Figure 1. Basic Configuration of DPFC
In recent times, Distributed Power Flow Controller is an important device within the family of FACTS Devices. This paper investigates Multi Level Inverter (MLI) based Distributed Power Flow Controller (DPFC) system for voltage sag mitigation and harmonic reduction. The DPFC employs a Shunt based Static Compensator (STATCOM) and multiple series converters to improve the power quality. DPFC was placed at the correct location in the power transmission system to gain advantages like improved voltage profile and reduced power loss. Circuit models are developed for Eight bus system with and without DPFC. The MATLAB/SIMULINK results obtained shows an improved performance in voltage sag mitigation, voltage quality of load busses, power quality improvement, comparison of the bus voltages with and without DPFC and reduction in load voltage harmonics. The results indicate that MLI based DPFC has improved in power quality and reduction in total harmonic reduction.

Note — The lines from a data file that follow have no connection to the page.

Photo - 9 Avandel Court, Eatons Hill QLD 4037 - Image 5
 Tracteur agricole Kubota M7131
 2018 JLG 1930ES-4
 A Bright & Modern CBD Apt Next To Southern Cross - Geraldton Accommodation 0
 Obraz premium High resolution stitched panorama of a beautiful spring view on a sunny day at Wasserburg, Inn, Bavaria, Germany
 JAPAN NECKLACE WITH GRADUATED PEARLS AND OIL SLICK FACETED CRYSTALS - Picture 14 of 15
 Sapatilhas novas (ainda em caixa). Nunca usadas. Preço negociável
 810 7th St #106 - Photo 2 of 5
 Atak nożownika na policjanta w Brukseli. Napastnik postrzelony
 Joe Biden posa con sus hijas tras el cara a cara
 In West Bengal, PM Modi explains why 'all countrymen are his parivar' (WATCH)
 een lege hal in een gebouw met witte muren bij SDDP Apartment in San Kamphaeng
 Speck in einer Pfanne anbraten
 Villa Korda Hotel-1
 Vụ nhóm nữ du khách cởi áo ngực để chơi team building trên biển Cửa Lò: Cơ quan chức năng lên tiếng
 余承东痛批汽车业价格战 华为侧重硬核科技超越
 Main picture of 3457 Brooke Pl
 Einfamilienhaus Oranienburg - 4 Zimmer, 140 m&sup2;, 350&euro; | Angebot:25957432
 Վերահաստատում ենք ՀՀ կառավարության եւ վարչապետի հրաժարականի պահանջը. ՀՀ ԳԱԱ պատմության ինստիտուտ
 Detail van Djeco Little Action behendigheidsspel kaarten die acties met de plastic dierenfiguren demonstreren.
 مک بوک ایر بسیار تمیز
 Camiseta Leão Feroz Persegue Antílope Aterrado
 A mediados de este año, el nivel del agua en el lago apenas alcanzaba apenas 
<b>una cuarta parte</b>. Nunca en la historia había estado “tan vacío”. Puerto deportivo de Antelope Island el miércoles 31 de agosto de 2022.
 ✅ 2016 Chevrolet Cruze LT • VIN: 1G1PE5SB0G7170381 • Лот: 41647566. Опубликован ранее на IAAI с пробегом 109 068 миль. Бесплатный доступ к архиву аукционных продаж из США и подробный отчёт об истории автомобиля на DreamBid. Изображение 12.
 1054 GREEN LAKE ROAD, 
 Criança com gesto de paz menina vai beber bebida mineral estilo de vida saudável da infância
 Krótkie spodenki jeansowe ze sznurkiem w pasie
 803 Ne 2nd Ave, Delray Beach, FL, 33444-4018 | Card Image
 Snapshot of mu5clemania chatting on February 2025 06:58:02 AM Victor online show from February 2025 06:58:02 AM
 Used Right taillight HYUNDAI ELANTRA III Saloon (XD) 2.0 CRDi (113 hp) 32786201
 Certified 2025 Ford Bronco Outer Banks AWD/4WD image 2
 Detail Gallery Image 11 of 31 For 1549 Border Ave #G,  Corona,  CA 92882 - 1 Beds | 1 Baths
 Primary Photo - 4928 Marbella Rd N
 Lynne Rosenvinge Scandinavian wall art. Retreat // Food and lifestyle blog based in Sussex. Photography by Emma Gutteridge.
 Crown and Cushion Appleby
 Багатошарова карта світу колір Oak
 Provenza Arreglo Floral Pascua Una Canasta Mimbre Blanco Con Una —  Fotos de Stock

The flexible AC transmission system (FACTS) technology is the application of high power devices in transmission systems [1]. The main purpose of this technology is to control and regulate the voltage in the power systems.
This is achieved by using converters as a controllable element between two power systems. The resulting converter representations can be useful for a variety of configurations. Basically, the family of FACTS devices based on Voltage Source Converters (VSCs) consist of a series compensator or a shunt compensator [2]. The static Compensator (STATCOM) is a shunt connected device that is able to provide reactive power support at a network location near load centre. Through this reactive power injection, the STATCOM can regulate the voltage at the receiving end. The Static Synchronous Series Compensator (SSSC) is a series device which injects a voltage in series with the line to compensate the line impedance drop [5] .
Ideally, this injected voltage is in quadrature with the line current, such that the SSSC behaves like an inductor or a capacitor for the purpose of increasing or decreasing the voltage drop across the line. In this operating mode, the SSSC does not interchange any real power with the system in steady state. The Unified Power Flow Controller (UPFC) is the most versatile device of the family of FACTS devices [3], since it can control the active and the reactive power, respectively, as well as the voltage at the connection node. UPFC comprises of a STATCOM and a SSSC coupled via a common DC link to allow bidirectional flow of active power between the series output terminals of the SSSC and the shunt output terminals of the STATCOM. Each converter can independently generate (or) absorb reactive power at its own bus. The two controlled converters are operated from a DC link provided by a DC storage capacitor [3].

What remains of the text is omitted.